Members of the London Philharmonic/Elder @ Wigmore Hall, London

9 January 2009


Wigmore Hall’s platform could barely contain musicians, piano, conductor and soloists for a performance of Mahler’s Das Lied von der Erde.

The cramped conditions in no way hindered a stunning performance of this glorious work, though, heard here in the Schoenberg reduction.

The Viennese master began the arrangement in 1921 but didn’t actually finish it and we have Rainer Riehn to thank for the completion in 1983, a scholarly and faithful realisation. Despite the intervention of another, Schoenberg haunts every note, the stark orchestrations rendering Mahler’s harmonies even more alarming than usual.

If there is some loss of tenderness, without the huge orchestral sweeps of the original, much is gained from the extra colours and textures of what can sound like a series of virtuoso solo performances. Most instruments in the ensemble stand out at various times, with the score’s “oriental” sounds emphasised and greater rhythmic intensity than we’re used to hearing in the work.

Mark Elder brought characteristic attack to the opening song. A slight hiatus followed Das Trinklied vom Jammer der Erde, as cellist Susanne Beer had to re-string her instrument, such was the exuberance of the performance.

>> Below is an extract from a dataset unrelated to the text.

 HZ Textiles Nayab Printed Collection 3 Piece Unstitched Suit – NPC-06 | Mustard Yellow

The tenor role is not exactly thankless but the lurching tipsiness of the first and fifth songs carries a danger of shrieking in the high lines and the alto part is far more memorable. While Paul Nilon acquitted himself well, in Alice Coote we have an almost perfect Mahler voice. It’s powerful, beautiful, nuanced and throbbing with intensity.

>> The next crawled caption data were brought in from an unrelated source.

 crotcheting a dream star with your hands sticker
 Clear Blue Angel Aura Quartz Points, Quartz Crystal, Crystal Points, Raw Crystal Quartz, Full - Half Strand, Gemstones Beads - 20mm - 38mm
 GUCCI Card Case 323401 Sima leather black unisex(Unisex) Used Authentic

Coote seems to get better and better and this was an immaculate performance, breathless and carried away in the pounding horses of Von der Schnheit and heartbreaking in the resignation and acceptance of the final “Ewig… ewig”.

If only one work of Mahler’s were to survive, surely it should be this and if only one movement, the massive final song, Der Abschied, would be enough to secure his reputation as the most searching and moving of composers. This spiky chamber version will never replace the lush gorgeousness of the original version but it is a fascinating and differently beautiful one that is vital for any lover of the composer.

In the briefest of first halves, the conductorless members of the LPO, gave a swelling account of Wagner’s Siegfried Idyll, in the chamber version Cosima will have heard on Christmas Day 1870. If there’s something of the epic in a matchbox in this distillation of themes from the third part of The Ring, it’s even more the case in the original 13-piece arrangement.

As with the Mahler, it’s the lack of strings (here just a quintet) that is most noticeable but the vibrancy of Siegfried’s horn and the mellifluous woodbird’s call were as ear-catching as ever.